Несколько секунд Михаэль медлил с ответом, застыв без движения, и даже не моргал. Затем, правда, еле заметно повёл глазами и покраснел.       – Очень, – сказал он в итоге.

Эдвард фыркнул – звучно, небрежно, – достал ещё одну сигарету из кармана и, навалившись всем телом на перила, опёрся на них спиной. Михаэль боялся пошевелиться, чтобы не спугнуть удачу, и только прерывисто дышал. Ковентри снова закурил, с наслаждением выпустил в воздух клубок дыма и, когда сквозь небольшое прозрачное окно в коридоре промелькнули две тени, всё-таки заговорил:

– Она похожа на наркотик. – Его голос звучал так хрипло, а взгляд наполнился такой тоской, что у Михаэля побежали мурашки. – Сначала тебе хорошо. Нет, тебе просто волшебно! Кажется, что отныне жизнь станет похожа на сказку, и в ней всегда будет это жгучее чувство… Будто внутренности огнём выжгли. Но тебе это нравится. Ты пьяный. Понимаешь, о чём я?

– Кажется, – неуверенно признался Михаэль. Сердце колотилось как бешеное, дым летел прямо в глаза, а голоса из коридора, как будто принадлежавшие Полине и лорду Ковентри, доносились всё отчётливее. Так вот куда Эдвард так внимательно смотрел!

– А потом у тебя начинается жажда, а она всё время ускользает и оставляет тебя умирать, харкать кровью в агонии и страдать с этим ужасным чувством пустоты и вины внутри. Но знаешь, что самое поганое? Если бы я мог вернуть время вспять, я бы ничего не стал менять. Сладкий миг облегчения! Он стоил всего.

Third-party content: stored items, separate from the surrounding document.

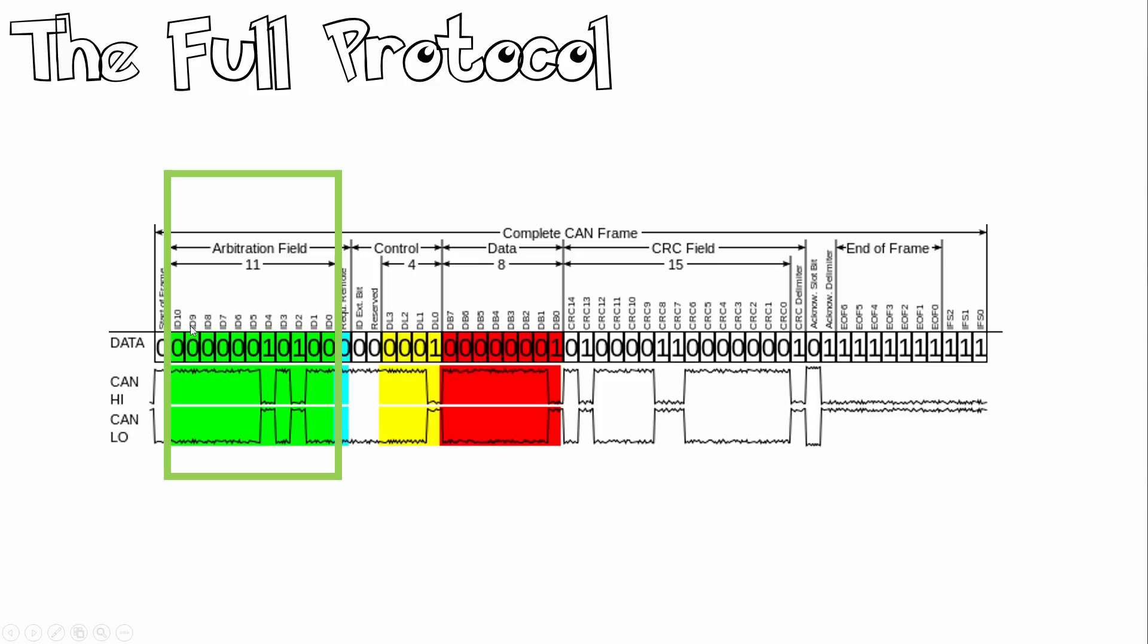Next, we have our arbitration field. This identifies the messages and indicates the message priority. Now say both engine and light indicator has failed. Because we're broadcasting these messages, we want our engine to have the higher priority. Because if your engine has failed, something bad will go wrong.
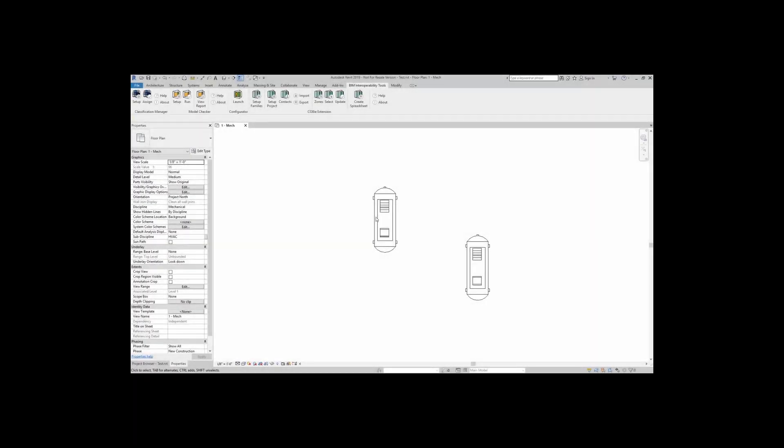Hello everyone. In this video we will talk about the model checker, the model checker configurator, and the Revit model checker check set for Western Michigan University.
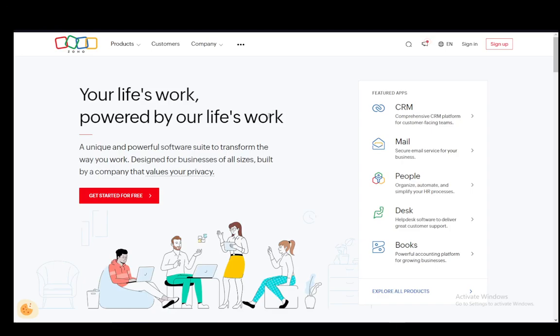Hey everybody, what is going on? I hope you guys are all doing well and welcome to another tutorial video. In this video, I'll be explaining to you guys how you can sign up for Zoho, so let's get right into it.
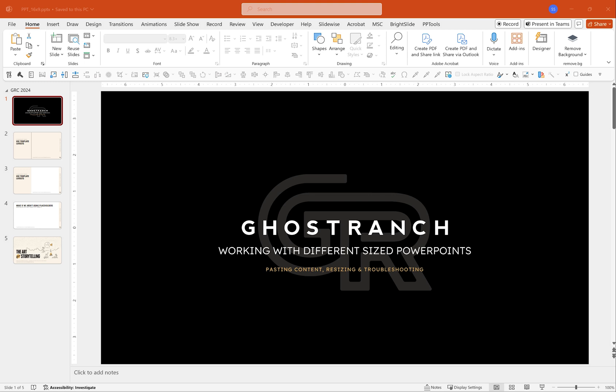Hey everybody, Steve Sheets here with Ghost Ranch Communications doing a quick tutorial today about transferring content from one PowerPoint to another when they're in different templates or even worse, what if they are different size PowerPoints?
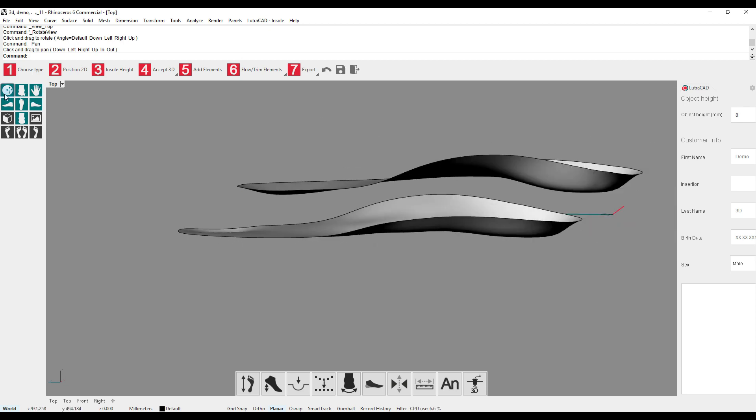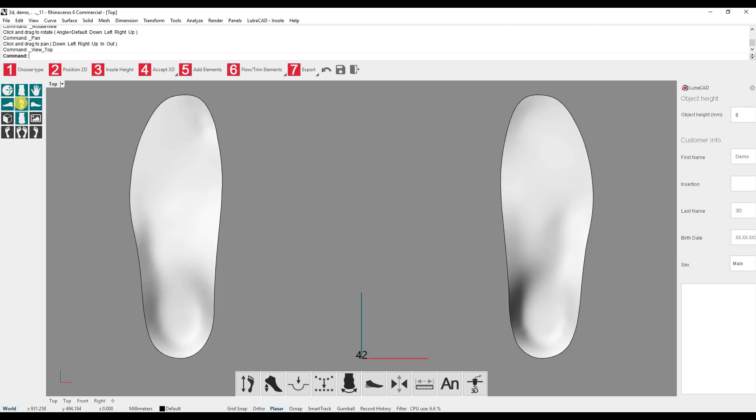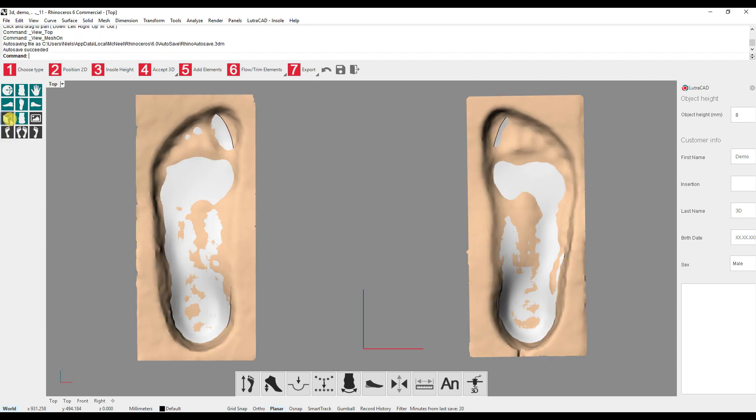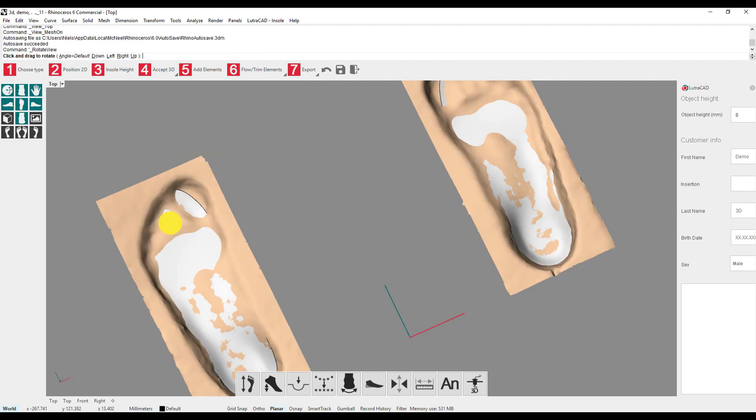Now that we know how to move around in LutraCAD, we can look at which insoles and scans are visible in the document and how to switch to transparent view. For this, we use the dark gray buttons. We can show the 3D scan by left-clicking mouse button and hide them by using the right mouse button if we have loaded a customer scan.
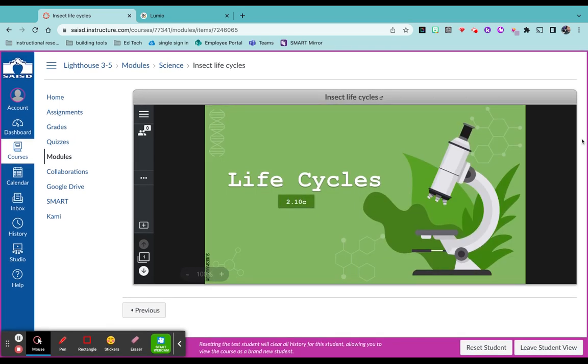And since this isn't a module, you can go ahead and add an assignment after this where either students reflect, but really the great thing about Lumio is you have it all in one place.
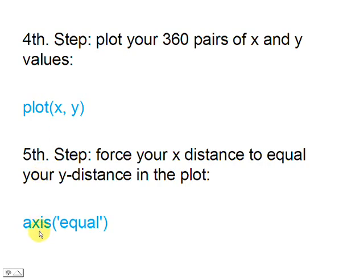The fourth step is to use the built-in function plot in MATLAB to draw our x and y values. And the last step is just to make sure that the horizontal and vertical values in the plot have the same size.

Что-то зловещее сквозило в этих словах, и даже у Михаэля, несклонного к мнительности, перехватило дыхание. Миссис Сазерленд и сэр Роджер всё яснее скандалили в коридоре, а Эдвард только улыбался, наблюдая за их тенями. Потом загасил очередную сигарету и коснулся плеча Михаэля, а того обдало алкогольным мороком.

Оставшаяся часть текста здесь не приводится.